Ce crash du vol AH5017 d’Air Algérie survient à la suite d’une série meurtrière qui classe déjà 2014 comme une «année noire pour le transport aérien avec plus de 730 décès contre 210 en 2013». En une semaine, on a enregistré, en effet, tour à tour, la destruction en vol du Boeing de Malaysian Airlines au-dessus de l’Ukraine, le crash d’un ATR 72-500 de TransAsia Airways à Taïwan et le crash du MD 83 de Swiftair, opéré pour le compte d’Air Algérie, au-dessus du Mali. Il faut également compter la disparition, le 8 mars dernier, d’un autre Boeing de Malaysian Airlines qui devait rallier Pékin avec ses 239 passagers, quelques heures seulement après son décollage de Kuala Lumpur. Un appareil introuvable jusqu’alors. Et puis, il y a tous ces crashs intervenus au Népal, Kenya, Niger, Zambie et Soudan ces derniers mois.

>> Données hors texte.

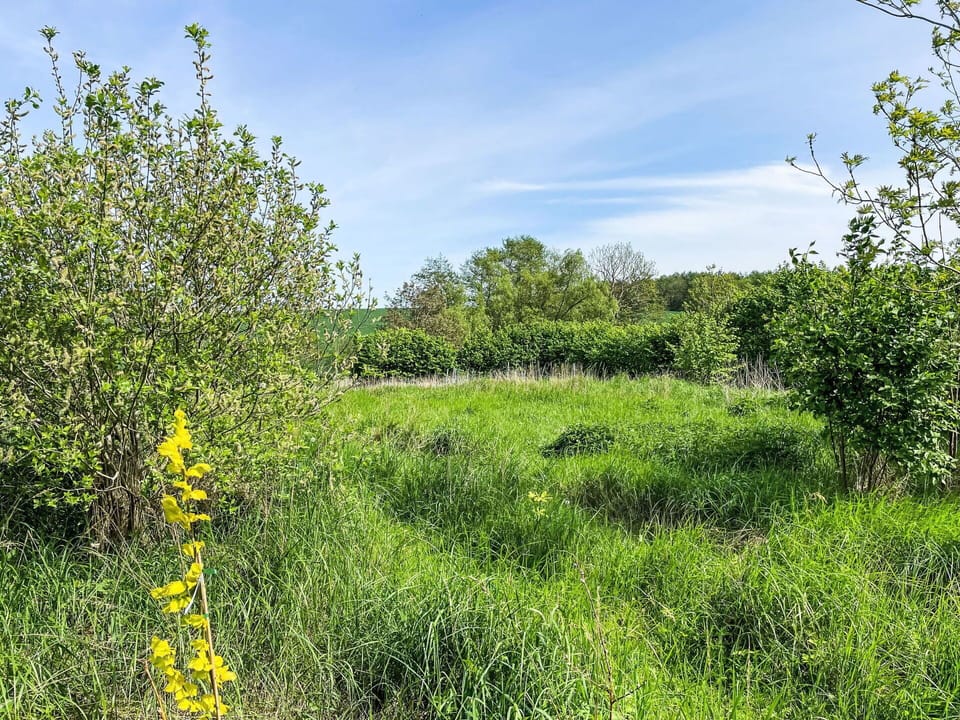 Plant, Sky, Cloud, Natural Landscape, Land Lot, Grass, Woody Plant, Grassland, Shrub, Groundcover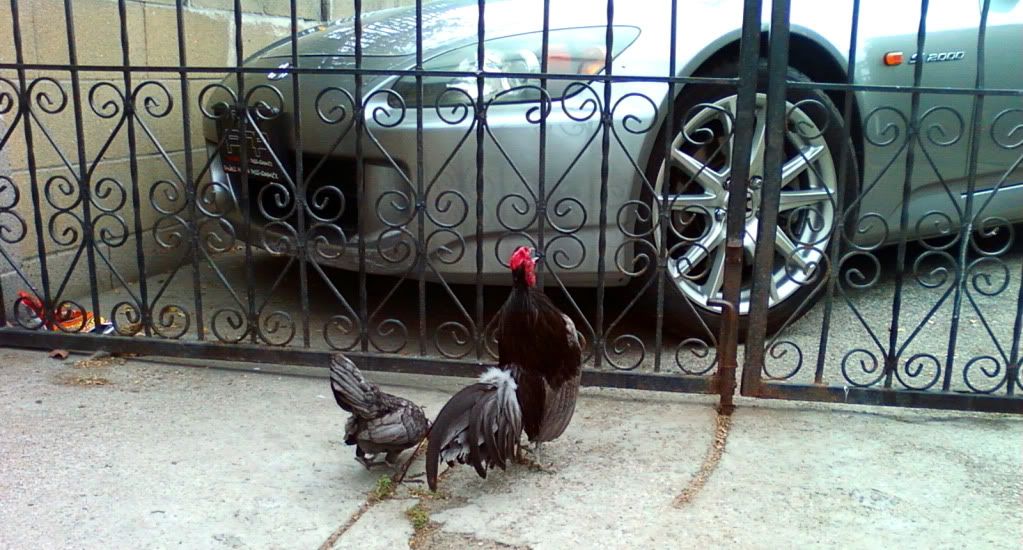 Photo0155.jpg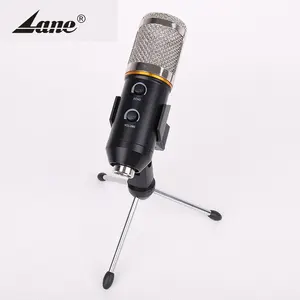 BM 700 Professional Studio Condenser Microphone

Un décompte macabre qui fait état de plus de 730 personnes qui ont déjà péri en prenant l’avion cette année! Pour mémoire, le dernier pic remonte à 2012 avec 414 décès liés à un accident d’avion. Pour autant, l’avion reste le moyen de transport le plus sûr au monde. Selon les statistiques, alors qu’on a enregistré 210 décès «aéronautiques» en 2013, la route, elle, a tué... 3 268 personnes la même année, rien qu’en France! Aussi, selon Gérard Feldzer, consultant en aéronautique et ancien pilote de ligne, ne saurait-on pas parler de série noire. «Il n’y a pas de série noire. En période estivale, les conditions météorologiques sont extrêmes et le nombre de vols est en augmentation, c’est pourquoi les risques augmentent également», a-t-il affirmé dans une interview au quotidien français “Libération”.
En attendant, inconsolables, des proches des familles des disparus ont fait le déplacement de Gossi où s’est offert à eux un spectacle de désolation, un vaste champ de débris de l’AH5017 d’où il sera difficile d’extirper les corps de leurs êtres chers. «Je ne pense pas qu’on puisse reconstituer les corps (...), ils ont été éparpillés, dispersés. Je ne suis pas sûr qu’on puisse (en) retrouver certains», a prévenu, samedi dernier, le général Gilbert Diendiéré, chef d’état-major particulier du président du Faso.